Rotary Funds Trainings to Prevent Human Trafficking
Students surveyed after the trainings say that they can define human trafficking, they understand how traffickers recruit victims, they know how to contact the human trafficking hotline, and they know how to protect themselves and others from trafficking. Stock image purchased.
Works Towards Protecting Children through Education
SACRAMENTO REGION, CA (MPG) - Human trafficking is a $150 billion industry and is the fast-growing criminal activity in the world. California has the highest volume of sex trafficking, and the Sacramento region is a hotbed for trafficking in the United States.
The local Rotary District 5180 has undertaken a large-scale campaign to combat the issue of human trafficking in the Sacramento Region.
Rotary members Brian Gladden and Bob Deering (former District Governor) initiated the project more than three years ago. Through their research, they discovered that education is the key to preventing human trafficking. District 5180 raised more than $383,000 in grant funding to educate youth and the general public about the risks of human trafficking.
District 5180 partnered with local non-profit 3Strands Global in a public awareness campaign that reached approximately 78 million people.
Deering spoke at a recent Fair Oaks Rotary meeting to explain just how insidious trafficking is in our area and to update local Rotary members about the project’s progress.
Deering said that traffickers initially contact most victims online and that approximately 65% of the victims come from broken homes. When a stranger online begins showing them love and attention, the children are extremely vulnerable to becoming a trafficking victim.

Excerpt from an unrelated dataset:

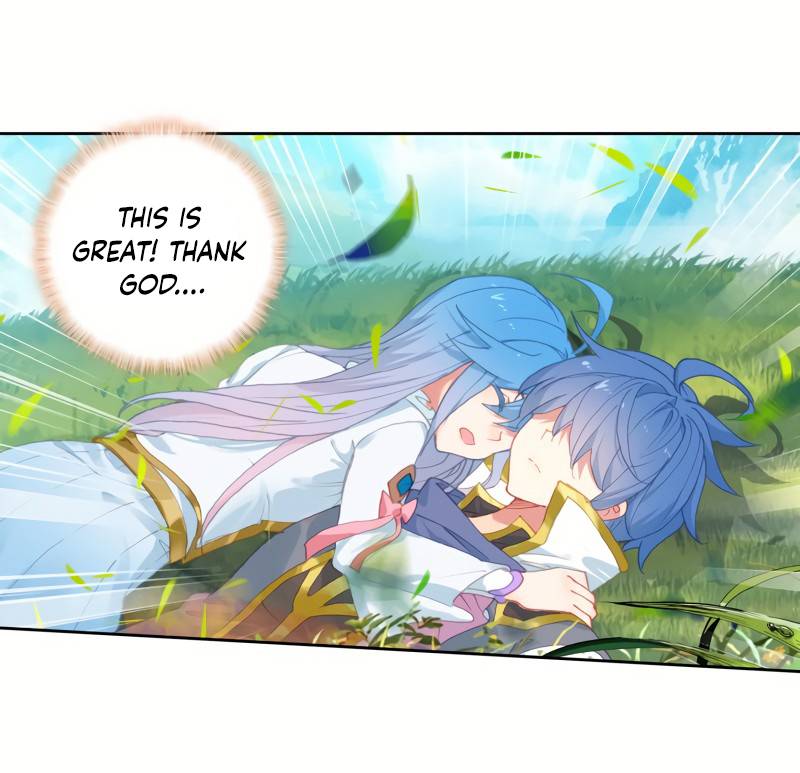 Chapter 247 - Image 7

Deering explained that one of the reasons Sacramento has such high trafficking rates is due to the prevalence of gang activity. He said that trafficking is “quickly becoming the number one revenue producer for gangs.”
While drugs can only be sold once and there are numerous risks in obtaining more to sell, the traffickers view young people as merchandise that can be sold repeatedly.
Because Interstate 5 and Highway 80 both run right through the Sacramento region, traffickers can easily transport victims throughout the state. Deering said that the practice of frequently moving the victims to new locations leaves them in a constant state of confusion because they don’t know where they are or how to find help.
Deering said that the project’s most important component was getting the 3Strands Global educational trainings into local schools. Deering described AB 1227, the Human Trafficking Prevention Education and Training Act, which was sponsored by 3Strands Global Foundation and signed into law in 2017.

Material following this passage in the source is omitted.